Eligible survivors were 53.0% male, 51.5% non-Hispanic white, and 30.9% survivors of leukemia. Among the 866 eligible survivors for this study, 610 (70.4%) completed their initial visit. After controlling for sex and time eligible, survivors who received surgery only (aHR 0.04 (0.02, 0.08)) or radiation only (0.24 (0.15, 0.39)) and who had Medicaid (0.77 (0.64, 0.92)) were significantly less likely to have an initial visit as were those of black or other/mixed race and those who lived > 25 mi from the clinic (p < 0.01).

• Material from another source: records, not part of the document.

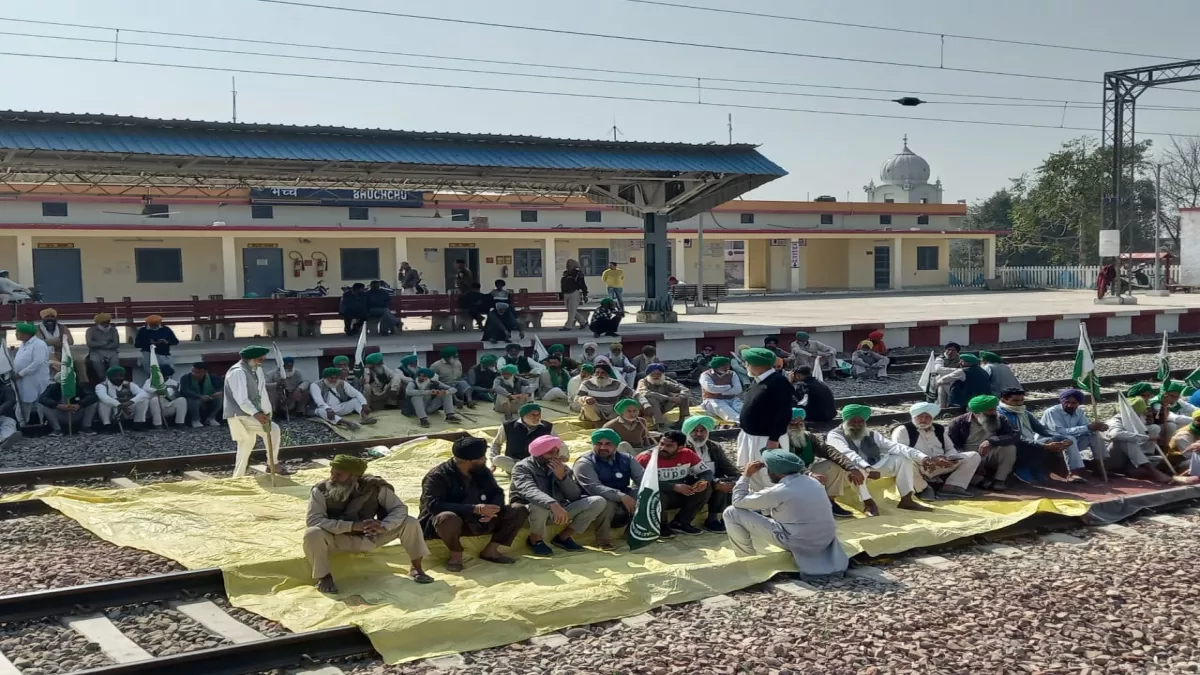 Farmers Protest LIVE: कई ट्रेनों पर लगी ब्रेक 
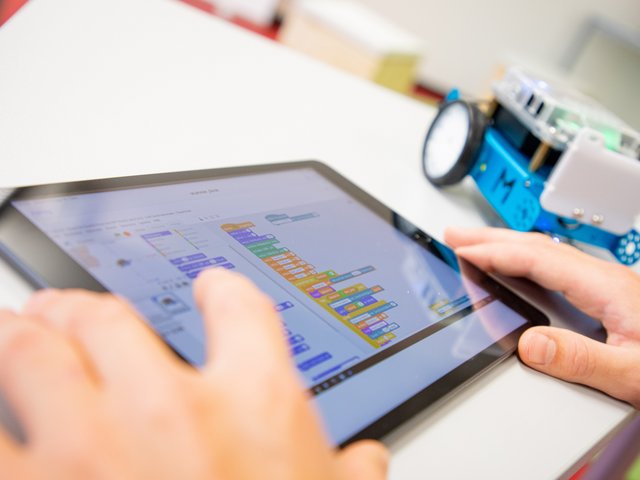 Digitalisierung spielerisch erleben: Bei der Bunten Nacht der Digitalisierung am 1. Juli an der PHKA. Foto: Manherz/PHKA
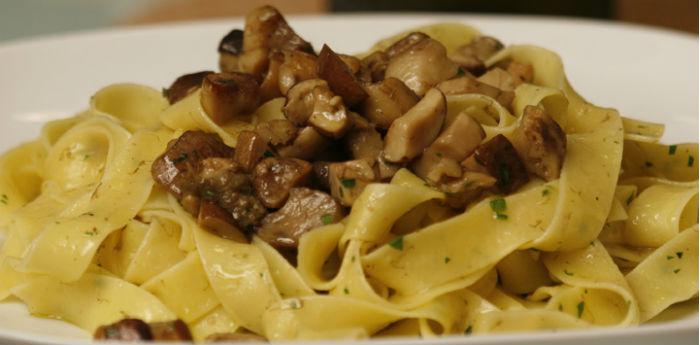 Festival de champignons de Porcini pressé avec montoro supérieur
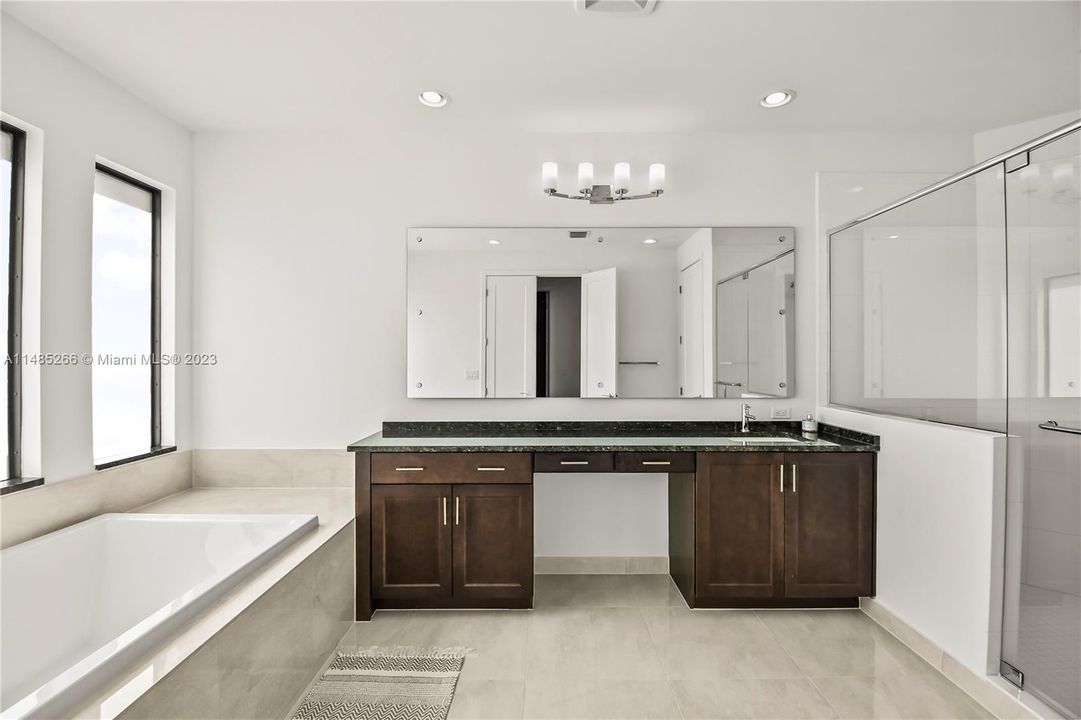 Recently Sold: $2,100,000 (5 beds, 7 baths, 4609 Square Feet)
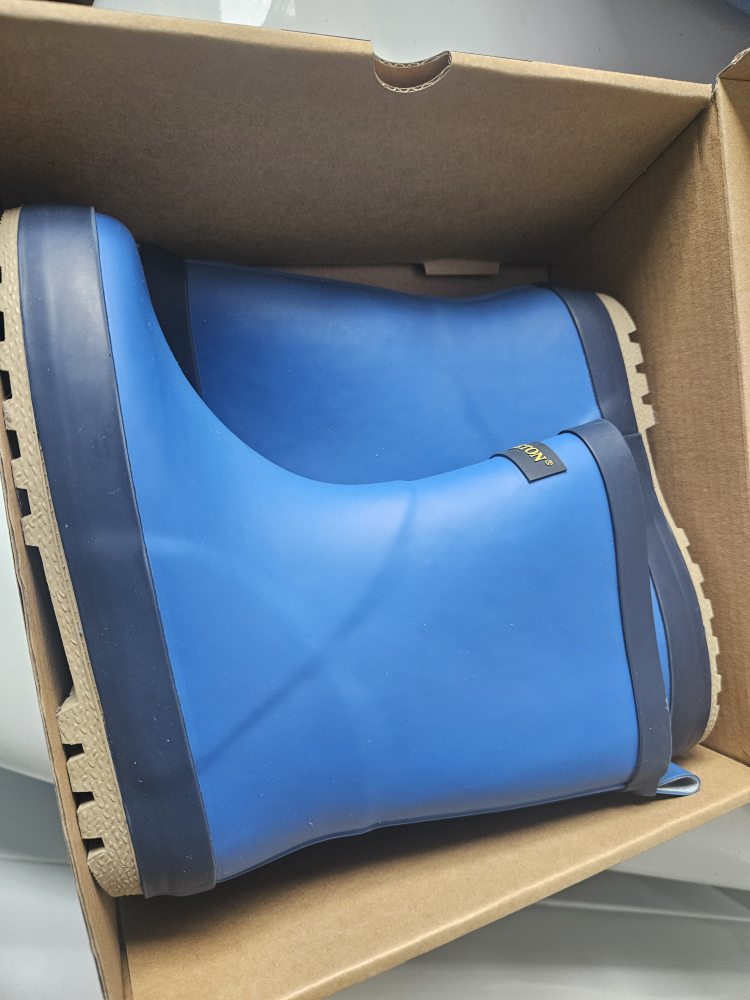 Kids rain boots brand new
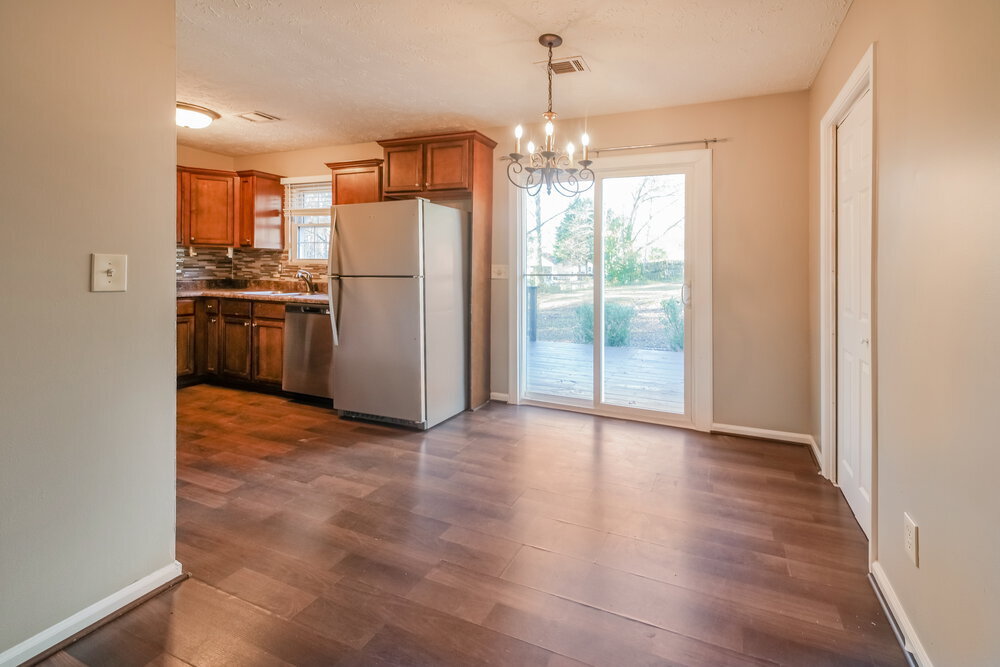 Building Photo - 1860 Rainbow Ln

Survivors aged 6-11 years or 12-17 years at eligibility were significantly more likely to complete an initial visit as compared to those aged 2-5 years (1.55 (1.24, 1.93) and 1.44 (1.14, 1.83), respectively).

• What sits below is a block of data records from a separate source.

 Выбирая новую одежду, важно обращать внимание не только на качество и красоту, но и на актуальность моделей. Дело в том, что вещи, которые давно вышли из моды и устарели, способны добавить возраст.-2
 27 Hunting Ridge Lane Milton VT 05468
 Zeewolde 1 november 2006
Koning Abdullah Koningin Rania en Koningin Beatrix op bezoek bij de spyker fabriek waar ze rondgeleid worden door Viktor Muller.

Nearly a third of survivors were not seen in a pediatric survivor clinic despite the importance of survivor care. These results identify populations at risk for not pursuing long-term survivorship care.
Failure to transition to pediatric survivor care may lead to lifelong non-engagement and incorrect perceptions about future health.
儿童癌症幸存者需要定期、适应风险的长期生存者护理。本回顾性研究描述了在大型儿科肿瘤项目中,有多少幸存者接受了初始生存者诊所就诊。
从 2007 年至 2012 年,患有非中枢神经系统儿童恶性肿瘤的患者从符合生存者诊所条件(完成治疗后 2 年)开始,到进行初始生存者诊所就诊或研究结束,进行了生存者随访。使用 Kaplan-Meier 曲线和 Cox 比例风险回归,检查与就诊相关的人口统计学、癌症相关和后勤因素。
符合条件的幸存者中,53.0%为男性,51.5%为非西班牙裔白人,30.9%为白血病幸存者。在这项研究的 866 名合格幸存者中,有 610 名(70.4%)完成了首次就诊。在控制了性别和时间因素后,仅接受手术(aHR 0.04(0.02,0.08))或仅接受放疗(0.24(0.15,0.39))以及接受医疗补助(0.77(0.64,0.92))的幸存者以及黑人或其他/混合种族的幸存者以及居住在距离诊所 >25 英里的幸存者(p<0.01),其首次就诊的可能性明显降低。在符合条件时年龄为 6-11 岁或 12-17 岁的幸存者与年龄为 2-5 岁的幸存者相比,更有可能完成首次就诊(分别为 1.55(1.24,1.93)和 1.44(1.14,1.83))。
尽管生存者护理很重要,但仍有近三分之一的生存者未在儿科生存者诊所就诊。这些结果确定了未接受长期生存者护理的高危人群。
未能过渡到儿科生存者护理可能导致终身不参与和对未来健康的错误认知。